Assignment -> Your reply is to be the lines below, exactly as written, with images omitted.

Supplied data ->
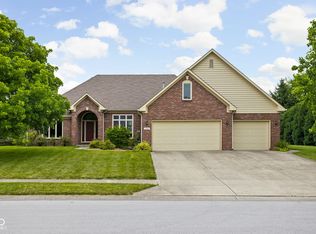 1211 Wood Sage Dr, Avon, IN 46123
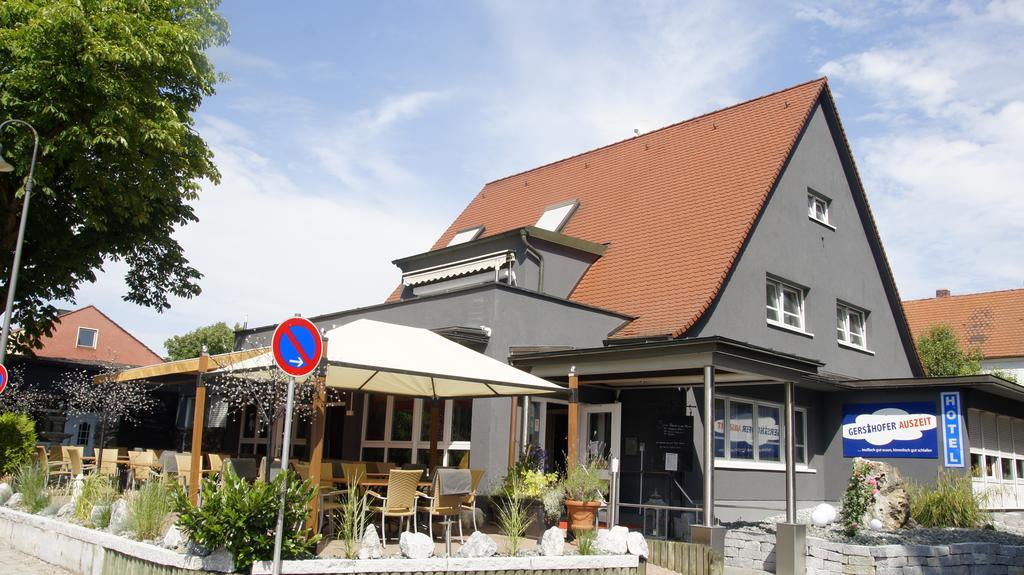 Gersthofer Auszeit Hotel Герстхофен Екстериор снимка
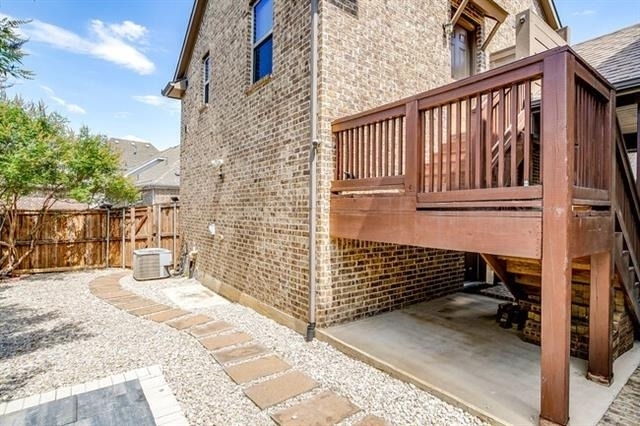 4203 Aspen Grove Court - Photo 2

Written answer ->
 1211 Wood Sage Dr, Avon, IN 46123
 Gersthofer Auszeit Hotel Герстхофен Екстериор снимка
 4203 Aspen Grove Court - Photo 2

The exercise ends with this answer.